The spirit of capitalism, 2000 - emotional maturity of adults
Public Interest, Wntr, 2000 by David Bosworth
Capitalism's two selves
Thirty-five years ago, Marshall McLuhan supplied a partial answer when he observed that "everyone experiences far more than he understands. Yet it is experience, and not understanding, that influences behavior." McLuhan was primarily concerned, of course, with the shift in communications from print to the electronic media, and the statement can be seen as a brief elaboration of his catchy aphorism, "the medium is the message." But the principle applies more broadly as well. To the extent that our daily experience is at all humanly mediated-"brought to us by" human ideas, technologies, architectures-it is necessarily suffused with implicit moral values. Churches and synagogues can tell us what we should believe, continuing to teach traditional virtues, but if the grounds and rounds of daily life are calibrated differently, our behavior will begin to shift accordingly. We can continue to "talk the talk" but won't "walk the walk" as, in Hamlet's words, "that monster, custom, who doth all sense eat," silently reconfigures our daily actions.
That since World War II our capitalist economy-its ventures, ambitions, procedures, and "messages"--has become the new primary calibrator of our daily experience is not a controversial claim. My subsequent assertion that its new predominance has led to the very patterns of rash and rational immaturity cited above, however, requires a more elaborate analysis. To begin, we can cite and extend the central thesis of Daniel Bell's recently reissued The Cultural Contradictions of Capitalism-which is, in essence, a postindustrial updating of Max Weber's 1904 classic, The Protestant Ethic and the Spirit of Capitalism. Among the contradictions astutely analyzed by Bell is that between the ethos of capitalist production-which still requires obedience, hard work, and self-sacrifice through delayed gratification-and the ethos of capitalist consumption, with its idealizing of hedonism, rebellion against authority, and impulsive behavior (such as deserting your children for a sudden vacation).

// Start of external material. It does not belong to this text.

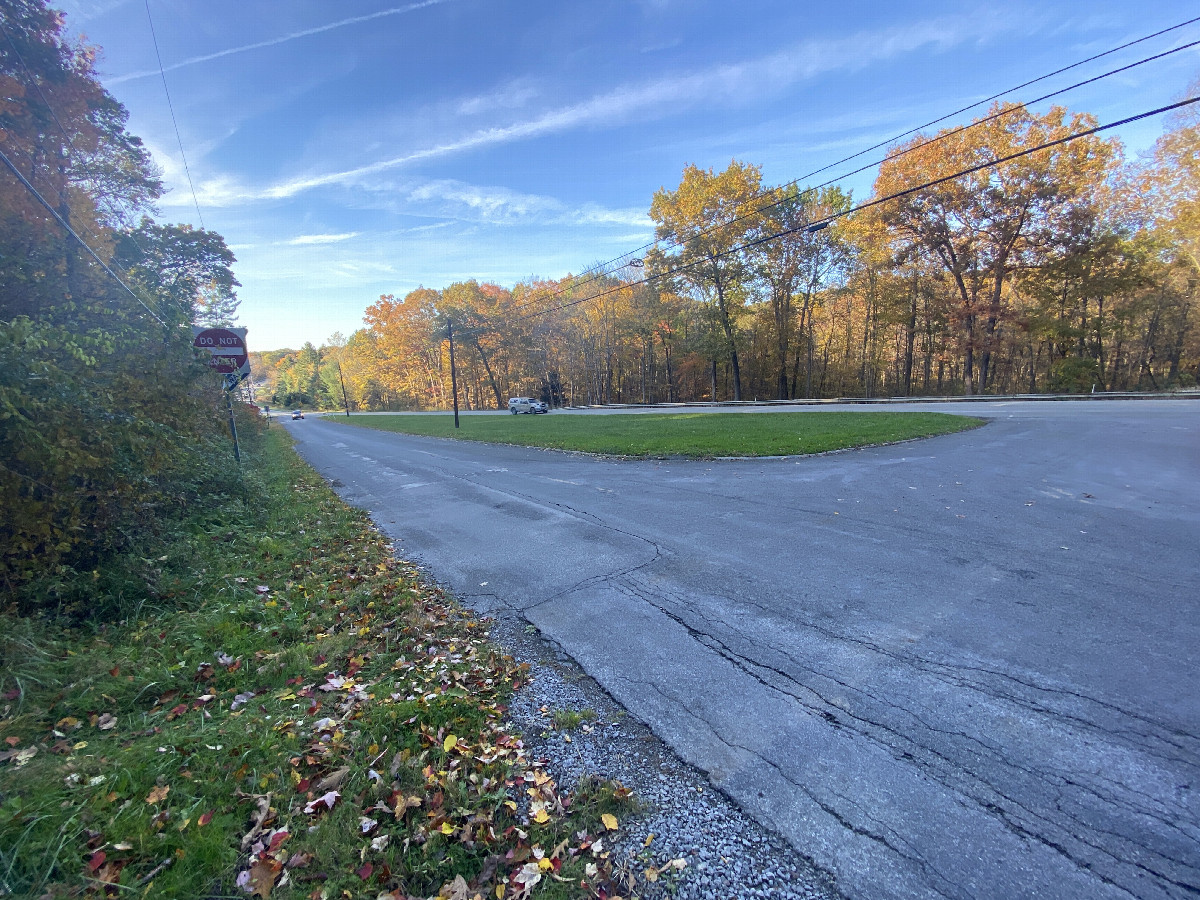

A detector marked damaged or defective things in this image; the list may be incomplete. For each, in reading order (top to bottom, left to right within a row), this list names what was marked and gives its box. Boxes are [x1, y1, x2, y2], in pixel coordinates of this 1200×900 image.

cracked asphalt road [284, 402, 1200, 900]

Simply stated, the two main divisions of capitalist commerce, production and sales, have come to require two opposing regimens of ideal behavior-one rational, the other rash--and these regimens suggest two discordant identities, a coolly mechanical and narrowly accountable Producing Self (Dr. Jekyll) and a hotly appetitive Consuming Self (Mr. Hyde). In the gotcha game of the culture wars each side cleverly identifies and "outs" the antisocial excesses of its opponent's Consuming Self even as it ignores its own. The conservative spotlights, in alternating tones of contempt and alarm, the dangers of the liberal's sexual and aesthetic excesses while the liberal satirizes and sermonizes against the excessive greed and conspicuous consumption of the corporate elite. Not only does each side see the moral ugliness of the other's Hyde while missing its own, both tend to miss the ongoing conflict all of us face in attempting to follow two essentially incompatible models of behavior. Neither side acknowledges the emot ional stress and cognitive dissonance of being asked to play, often in the very same day, both an abstemious Jekyll and an avid Hyde.